Language discrimination has previously been found in human infants, cotton-top tamarin monkeys, rats, and Java sparrows. This ability might also be relevant for the crow, a social passerine with extensive auditory perceptual skills living in close contact with humans. In this experiment we tested whether crows autonomously pay attention to spoken language, and whether they can discriminate a familiar, locally spoken language (Japanese) from an unfamiliar language (Dutch) without training. When presented with sentences spoken by multiple speakers, the crows showed significantly more responses to the Dutch than to the Japanese, which suggests that they discriminate two languages with distinctive linguistic features, and that they might also be more attentive to an unfamiliar language, Dutch, compared to a familiar one, Japanese.

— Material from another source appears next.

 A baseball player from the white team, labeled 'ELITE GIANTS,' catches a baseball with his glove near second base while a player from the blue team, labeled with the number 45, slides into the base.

These results further extend the hypothesis that language discrimination is based on a general perceptual mechanism that predates the evolution of language and show that crows can voluntarily apply this mechanism to language outside of experimental setups .
*Corresponding Author:
1Department of Psychology, Middlesex University, London, UK
2Department of Psychology, Keio University, Tokyo, Japan
1. Introduction
Although language as a whole is unique to humans, some cognitive abilities
necessary for language are shared with other species. Ramus and colleagues
(2000) showed that both human newborns and cotton-top tamarin monkeys
(Saguinus oedipus) can discriminate between two languages from different
rhythmic classes. They used Japanese (mora-timed) and Dutch (stress-timed)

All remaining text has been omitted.